Thursday, February 24, 2011

terror and congressmen.

for those not familiar with the current bill being tossed around the texas state legislature, SB354, it goes something like this:  colleges/universities would waive the no weapons on campus rule, allowing students, instructors, visitors, and support staff to carry licensed, concealed handguns on campus and to class.

few times has a bill so uniquely scared the crap out of me.  i cannot think of a single reason why i should want my students, my bosses, or myself to be able to carry a weapon.  there is simply too much going on at an institution of higher learning to warrant this--too much conflict, too much argumentation (and that's a good thing), and too much diversity--to make this a safe law.  

so, given the fact that i'm terrified that this bill will pass, i've decided to exercise my civic duty and contact my state representatives.  below is the gist of the e-mail/letter i sent:

It’s a scene familiar to any Quentin Tarantino fan: several men, guns drawn and blazing, hold each other in a standoff that can only end one way—badly.

I use this brief moment of film history not to demonstrate the emotional power of the end of the film Reservoir Dogs but to express a concern I have over allowing students and instructors to carry weapons on college campuses.

Picture the typical college classroom:  roughly thirty students—all races, nationalities, ages, sexual preferences, and religions—sit crammed into desks in a fluorescent-lit room.  They discuss topics ranging from the banal to the highly controversial.  Suddenly, what was an even-keeled conversation takes a turn, and a true argument begins.  How this scenario plays out depends almost entirely upon the environment.

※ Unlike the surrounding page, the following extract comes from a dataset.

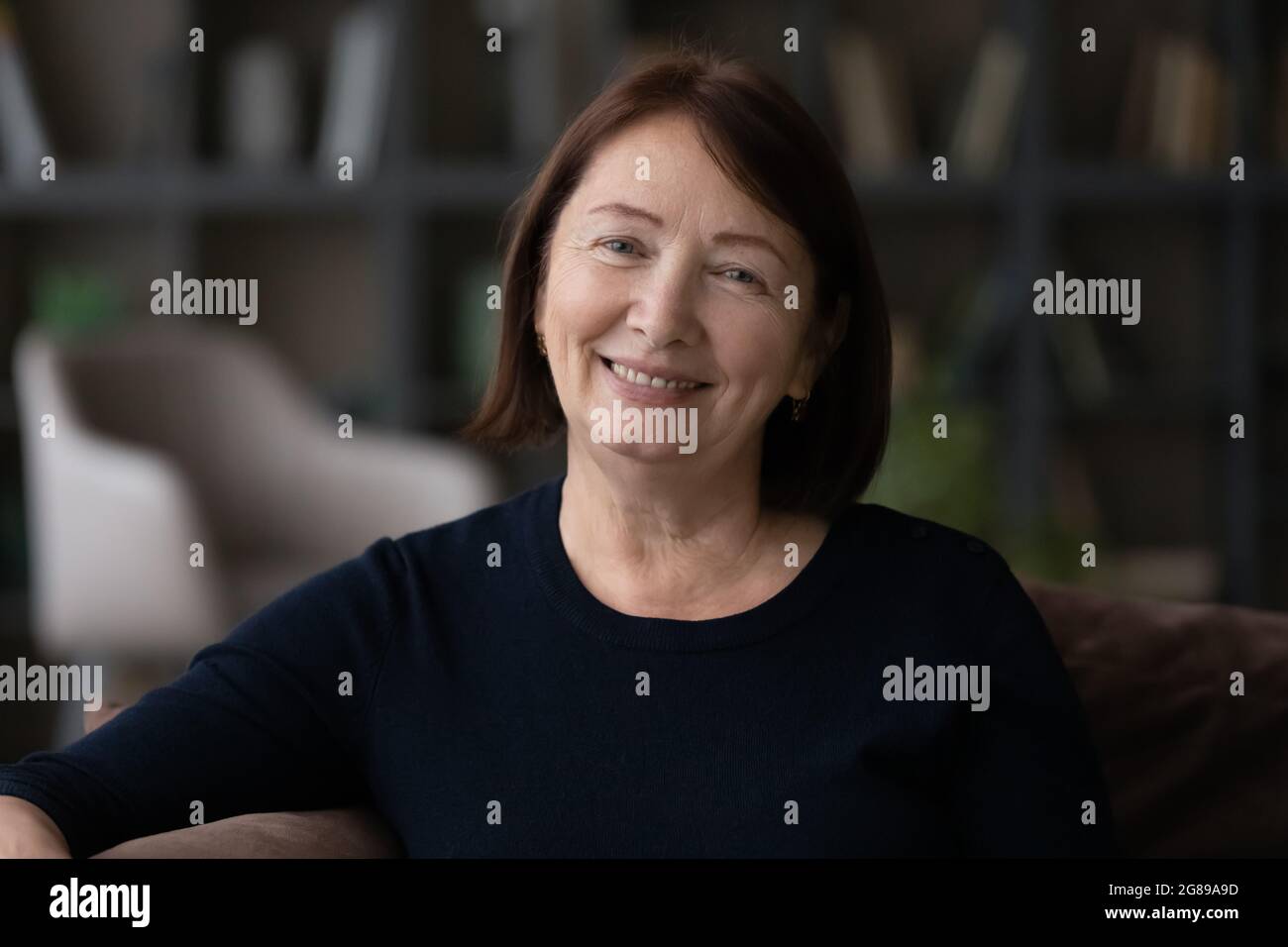 Happy senior mature woman sitting on couch at home Stock Photo - Alamy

Two angy, passionate students in a current college classroom are forced to settle the argument one of three ways:  resort to temper tantrums and name-calling (at worst), agree to disagree and move on, or use logic, reasoning and evidence to make their case (at best).

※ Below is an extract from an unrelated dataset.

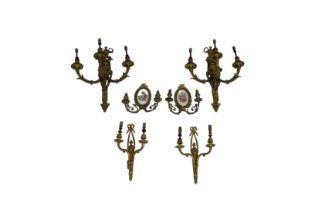 A group of six 20th century gilt metal wall lights comprising a pair of twin branched wall lights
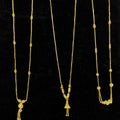 Three gold necklaces on a black display stand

The point is that the environment is controlled.  It is, relatively speaking, safe.  The use of force is not permitted.

The introduction of guns to this equation complicates the issue quite a bit and eliminates some of the freedoms associated with higher education.  In other words, instead of three possible outcomes, there are four.

In my role as a college instructor, I often find my students thinking and acting irrationally.  They get upset easily when it comes to their grades, their homework, their opinions.  I stress to my students every semester that my classroom is a safe place—one where they can feel free to express themselves so long as they understand that everyone else is free to do the same.  I require argument, but I also require respect.  These rules have led my classes to have fruitful discussions on a wide variety of matters, thereby increasing their critical thinking, social, and argumentative skills.

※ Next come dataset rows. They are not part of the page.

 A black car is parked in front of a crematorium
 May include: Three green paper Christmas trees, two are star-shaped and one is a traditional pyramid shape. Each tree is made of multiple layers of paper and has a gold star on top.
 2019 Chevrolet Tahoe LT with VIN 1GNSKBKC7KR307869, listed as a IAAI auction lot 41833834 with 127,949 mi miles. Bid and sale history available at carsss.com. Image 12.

Allowing guns on campus diminishes my ability to get my students to these goals.  Why would someone raise their voice to state a controversial opinion if one of the possible consequences is being shot?  It is hard enough to get students to open their minds and discuss things rationally without the added pressure of deadly weapons.

Critical thinking and learning cannot take place in an environment of fear, and that is just what Senate Bill 354 does—creates and sustains an environment of fear.

Why would anyone want to sacrifice such a noble freedom—that of learning, of improving oneself, of growing as an individual and citizen—for another?

Many proponents of the bill cite the recent violent attacks on college campuses as reasons for passing this bill.  Why let them—the immoral minority, the weak, the mentally-ill—win?  By giving into fear they are winning.  By passing this bill, the state legislature will have created an environment which will allow them to carry out their plans faster and more efficiently. 

I implore you to keep weapons off of college campuses by voting against SB 354.  Keep our students, our support staff, and our instructors safe.  It is the only way to ensure that Texas remains a state where learning and knowledge are valued and protected.

so my reading public, i ask you to pray to whatever deity you choose.  pray for us--for those of us in the trenches, for those of us who still think the pen is mightier than the sword.